Supplied records:
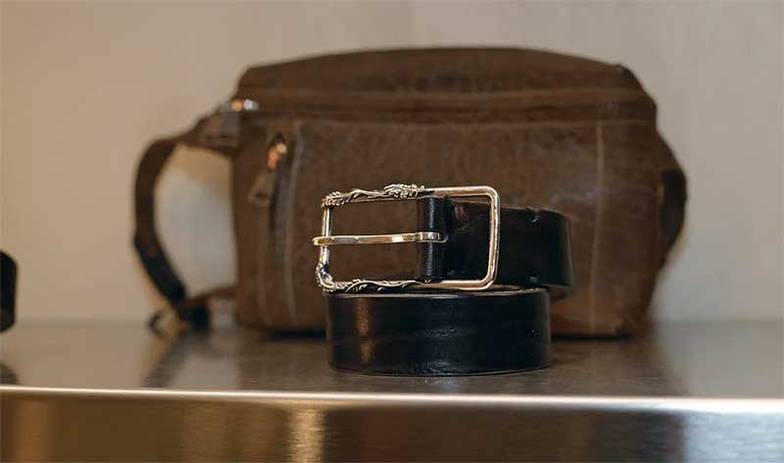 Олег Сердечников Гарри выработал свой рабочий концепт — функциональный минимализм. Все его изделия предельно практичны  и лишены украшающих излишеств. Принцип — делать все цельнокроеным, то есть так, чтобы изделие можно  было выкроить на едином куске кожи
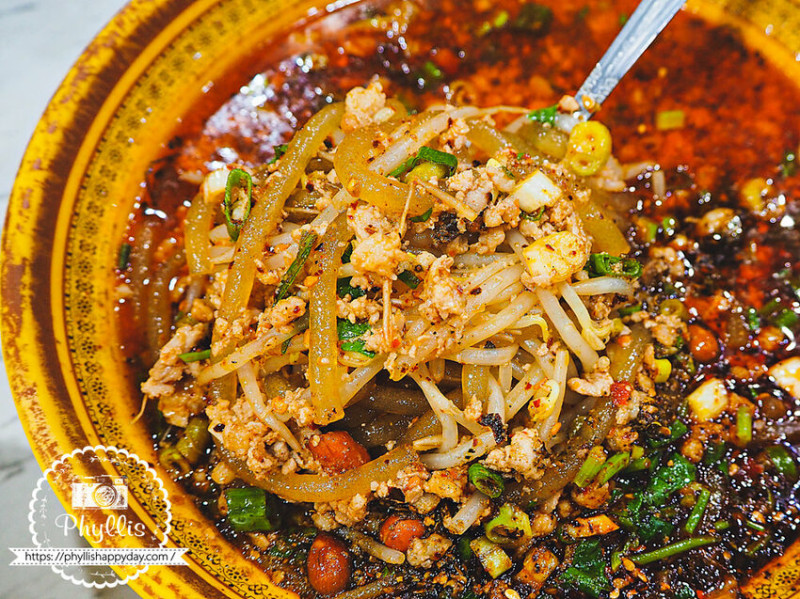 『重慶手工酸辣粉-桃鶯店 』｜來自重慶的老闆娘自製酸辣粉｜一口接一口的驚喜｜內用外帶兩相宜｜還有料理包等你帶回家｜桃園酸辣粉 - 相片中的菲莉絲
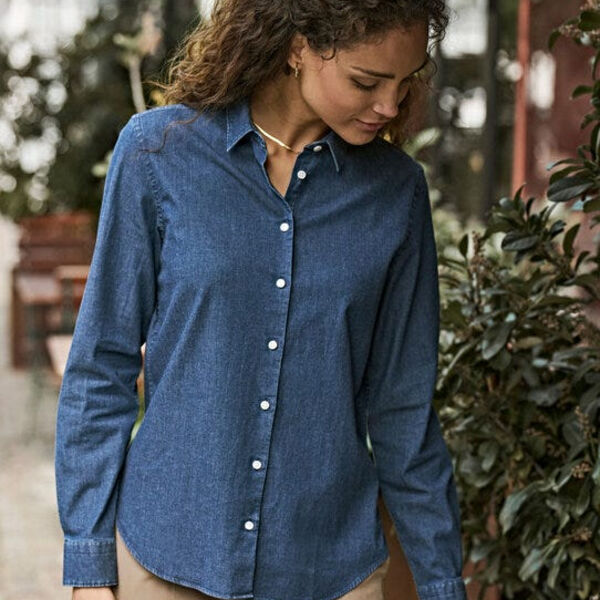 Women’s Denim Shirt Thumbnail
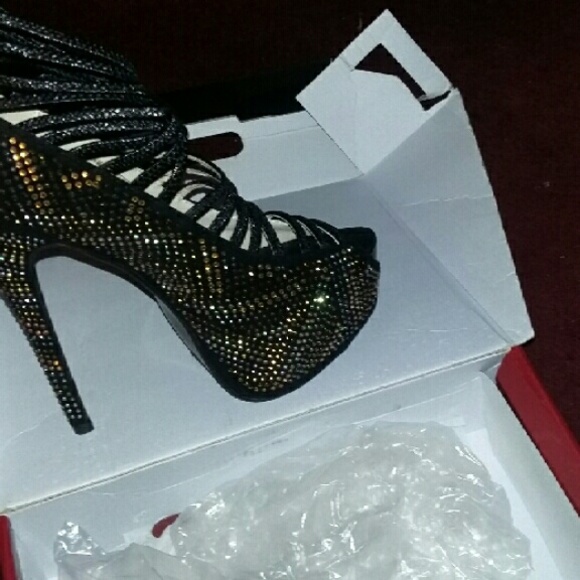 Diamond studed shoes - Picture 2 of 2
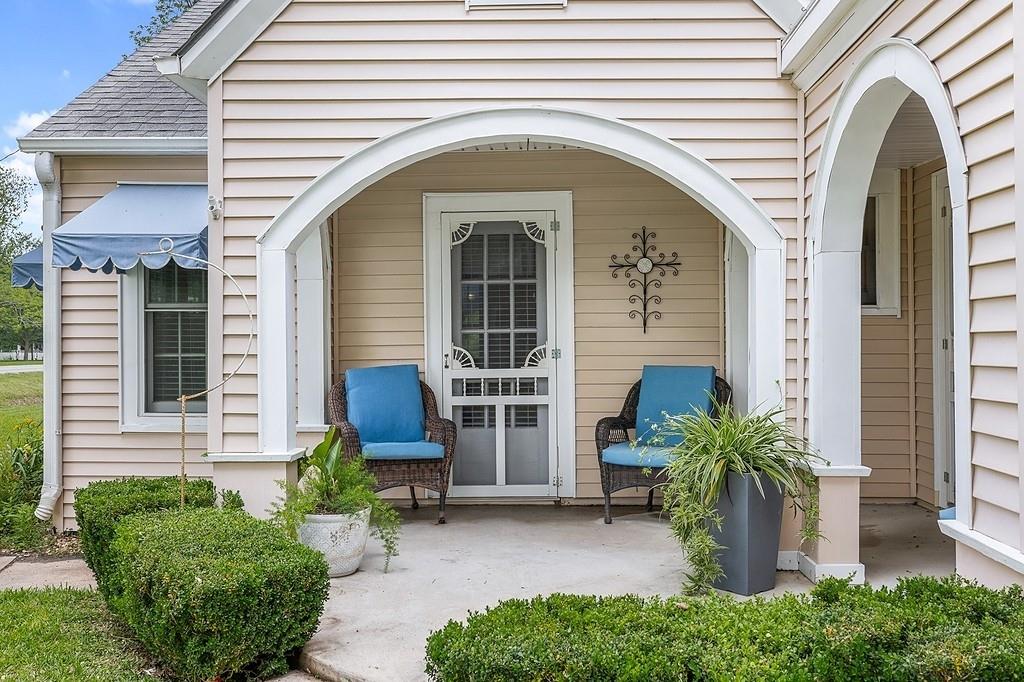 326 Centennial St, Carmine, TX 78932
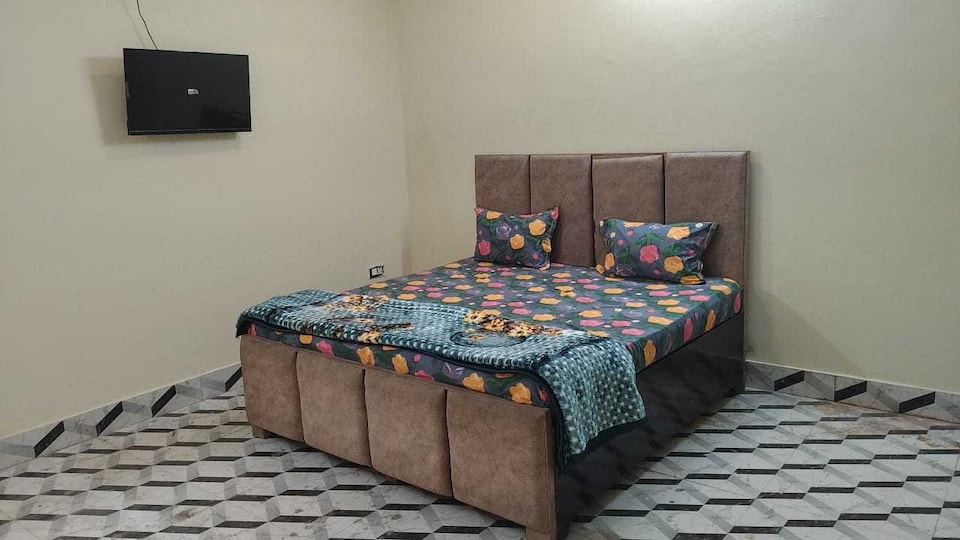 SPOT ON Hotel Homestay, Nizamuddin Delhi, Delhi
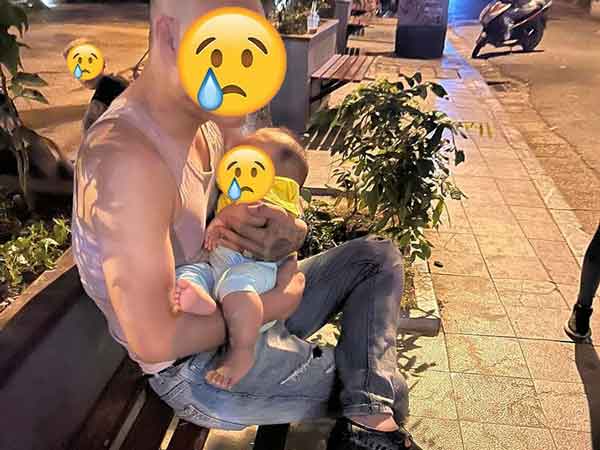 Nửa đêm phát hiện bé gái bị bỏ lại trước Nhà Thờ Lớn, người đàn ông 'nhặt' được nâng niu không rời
==
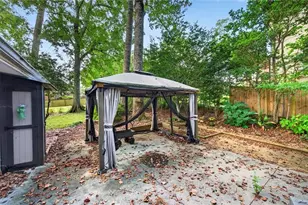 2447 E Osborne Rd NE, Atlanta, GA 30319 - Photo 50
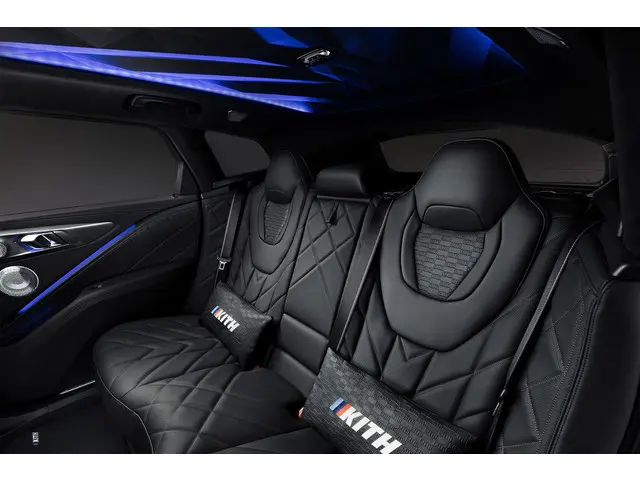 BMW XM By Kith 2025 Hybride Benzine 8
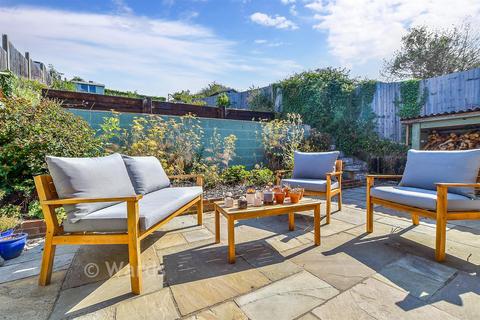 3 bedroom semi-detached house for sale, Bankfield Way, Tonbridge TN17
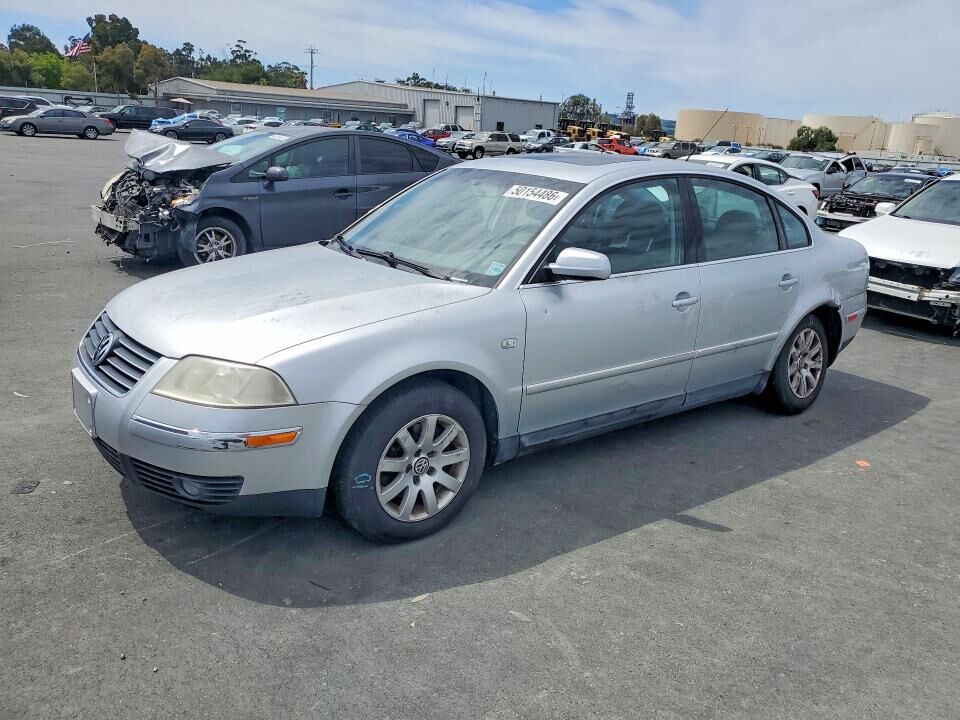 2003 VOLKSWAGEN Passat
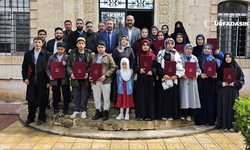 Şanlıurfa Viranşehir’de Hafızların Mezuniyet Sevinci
---
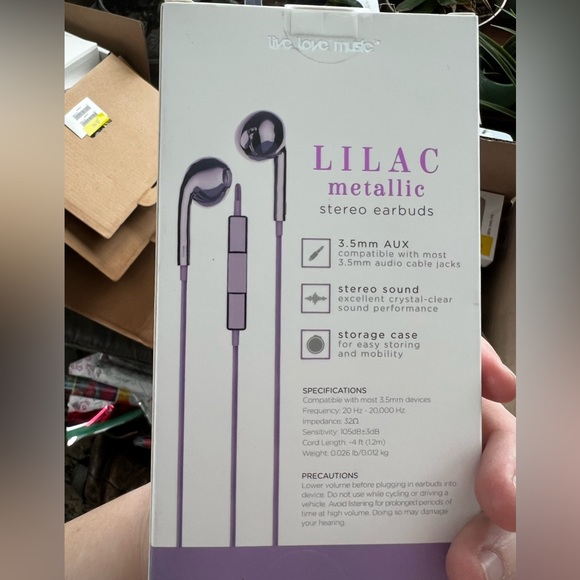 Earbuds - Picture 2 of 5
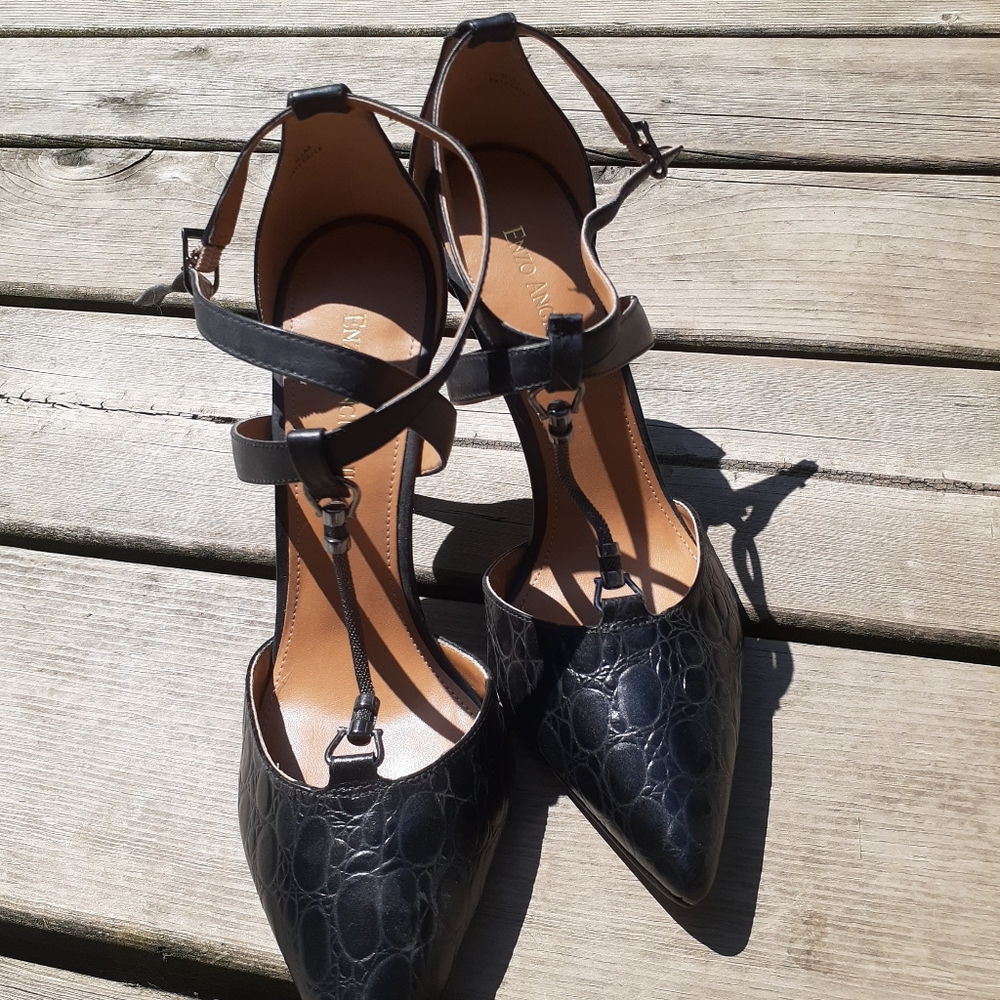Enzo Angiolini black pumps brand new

Directions:
Please repeat, exactly as written, the lines in the records above, starting with the one that has "BMW XM By Kith 2025 Hybride Benzine 8" and going on through the one that has "Şanlıurfa Viranşehir’de Hafızların". Pictures are to be left out.

Your response:
 BMW XM By Kith 2025 Hybride Benzine 8
 3 bedroom semi-detached house for sale, Bankfield Way, Tonbridge TN17
 2003 VOLKSWAGEN Passat
 Şanlıurfa Viranşehir’de Hafızların Mezuniyet Sevinci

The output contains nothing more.